Com apenas dois longas em sua filmografia, Ari Aster já desenvolveu um estilo próprio. Ainda que “Hereditário” e “O Mal Não Espera a Noite – Midsommar” se passem em contextos diferentes, é possível reconhecer a semelhança dos temas, a familiaridade da fotografia e da trilha sonora. Seja no meio-oeste americano ou em uma vila da Suécia, ambos os filmes lidam com o luto e retratam famílias corrompidas – e sempre com a mesma preciosidade de um diorama artesanal. Aos 33 anos, o diretor americano é uma espécie de Wes Anderson do terror, uma das vozes mais distintas a surgir nos últimos anos.
No início de “Midsommar”, um coral fantasmagórico acompanha imagens de uma floresta escura durante uma ventania forte. De forma brusca, as vozes são interrompidas pelo barulho de um telefone. Não estamos mais no meio do mato, mas em uma cidade insone. A vastidão assustadora da natureza é, então, substituída pela claustrofobia da civilização. O verdadeiro terror, afinal, não reside em um mal primitivo e abstrato, distante de onde escolhemos formar os nossos grupos, mas no toque de um telefonema recebido à noite. E a luz do dia não irá aplacar o sofrimento.

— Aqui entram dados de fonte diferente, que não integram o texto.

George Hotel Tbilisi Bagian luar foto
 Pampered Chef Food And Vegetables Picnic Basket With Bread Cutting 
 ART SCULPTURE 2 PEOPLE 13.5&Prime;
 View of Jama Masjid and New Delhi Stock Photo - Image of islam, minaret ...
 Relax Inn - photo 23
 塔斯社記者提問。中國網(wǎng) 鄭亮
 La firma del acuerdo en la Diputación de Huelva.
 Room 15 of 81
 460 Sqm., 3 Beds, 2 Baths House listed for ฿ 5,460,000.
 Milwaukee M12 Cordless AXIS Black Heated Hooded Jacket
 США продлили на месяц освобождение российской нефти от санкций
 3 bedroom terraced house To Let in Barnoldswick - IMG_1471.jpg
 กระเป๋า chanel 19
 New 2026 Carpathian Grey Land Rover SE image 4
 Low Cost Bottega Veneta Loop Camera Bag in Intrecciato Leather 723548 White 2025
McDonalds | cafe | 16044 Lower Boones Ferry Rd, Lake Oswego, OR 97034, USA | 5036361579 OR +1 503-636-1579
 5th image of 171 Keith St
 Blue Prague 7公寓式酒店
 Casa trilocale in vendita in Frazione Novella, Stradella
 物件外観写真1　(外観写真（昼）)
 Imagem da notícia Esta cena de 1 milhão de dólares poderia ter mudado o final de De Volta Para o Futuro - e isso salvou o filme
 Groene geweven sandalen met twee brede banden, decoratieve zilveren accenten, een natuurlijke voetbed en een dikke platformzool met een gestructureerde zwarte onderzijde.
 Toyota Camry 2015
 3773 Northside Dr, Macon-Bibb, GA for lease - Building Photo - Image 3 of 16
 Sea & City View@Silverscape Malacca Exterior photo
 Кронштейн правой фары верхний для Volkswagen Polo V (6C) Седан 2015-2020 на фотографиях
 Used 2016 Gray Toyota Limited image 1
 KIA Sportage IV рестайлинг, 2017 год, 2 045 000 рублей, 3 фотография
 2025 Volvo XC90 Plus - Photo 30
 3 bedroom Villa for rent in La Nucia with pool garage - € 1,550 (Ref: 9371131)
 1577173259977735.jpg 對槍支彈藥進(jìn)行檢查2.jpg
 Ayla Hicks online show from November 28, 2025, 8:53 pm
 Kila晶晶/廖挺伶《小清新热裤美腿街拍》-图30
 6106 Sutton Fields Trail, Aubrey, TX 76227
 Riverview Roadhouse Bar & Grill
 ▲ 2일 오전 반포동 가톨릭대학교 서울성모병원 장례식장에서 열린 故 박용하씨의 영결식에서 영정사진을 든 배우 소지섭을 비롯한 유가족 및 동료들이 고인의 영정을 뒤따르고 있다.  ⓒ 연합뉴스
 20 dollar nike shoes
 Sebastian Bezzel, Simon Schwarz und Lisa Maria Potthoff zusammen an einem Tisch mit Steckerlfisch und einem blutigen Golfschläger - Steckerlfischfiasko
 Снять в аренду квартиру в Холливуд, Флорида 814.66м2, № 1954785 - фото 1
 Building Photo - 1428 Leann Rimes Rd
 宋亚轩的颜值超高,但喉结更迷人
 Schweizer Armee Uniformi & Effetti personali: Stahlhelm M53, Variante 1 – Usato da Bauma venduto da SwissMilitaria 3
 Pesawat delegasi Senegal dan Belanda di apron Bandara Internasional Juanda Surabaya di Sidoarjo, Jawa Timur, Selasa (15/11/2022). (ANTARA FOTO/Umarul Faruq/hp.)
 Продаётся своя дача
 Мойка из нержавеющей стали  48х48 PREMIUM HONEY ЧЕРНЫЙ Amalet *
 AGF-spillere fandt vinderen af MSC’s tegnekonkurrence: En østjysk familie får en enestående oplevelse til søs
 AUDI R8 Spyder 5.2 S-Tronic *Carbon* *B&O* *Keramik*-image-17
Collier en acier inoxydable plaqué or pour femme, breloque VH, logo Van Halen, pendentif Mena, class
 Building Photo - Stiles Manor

Após uma tragédia na família, Dani (interpretada pela magnífica Florence Pugh) viaja com o namorado Christian (Jack Reynor) e os seus amigos para uma comunidade alternativa da Suécia, com o pretexto de conhecer o lar do sueco Pelle (Vilhem Blomgren) e de participar das comemorações de solstício de verão. De origem pagã, as festas juninas do país comemoram a chegada dos dias mais longos do ano, em que o sol se põe por volta da meia-noite e nasce às três e meia da manhã, devido à alta latitude da região. O intercâmbio cultural, no entanto, não ajudará Dani ou o seu relacionamento.
Apesar da violência chocante de algumas cenas, “Midsommar” incomoda muito mais pela atmosfera opressiva, pela contraposição entre os demônios internos de Dani e o clima ensolarado de festa. A comunidade alternativa lembra uma cena paradisíaca da novela “A Viagem” – um campo verdejante, onde todos vestem roupas brancas e distribuem abraços calorosos aos recém-chegados. Mesmo longe de casa, no entanto, o trauma da protagonista persiste, fazendo com que ela se sinta cada vez mais afastada do namorado.
Em entrevistas, Aster afirmou que escrevera o roteiro do filme durante o término de um relacionamento. De certa forma, “Midsommar” pode ser encarado como uma vingança pessoal, mas trata também do desejo de pertencer a alguém e de fazer parte de um grupo, até mesmo de um culto. O desfecho é um ritual de histeria coletiva, que remete ao clássico “O Homem de Palha” (1973), mas subverte o arquétipo da “final girl”, isto é, a típica sobrevivente virginal dos filmes de terror, destinada a sofrer nas mãos de um monstro. Coberta de flores, Dani sorri porque sabe que não está mais sozinha.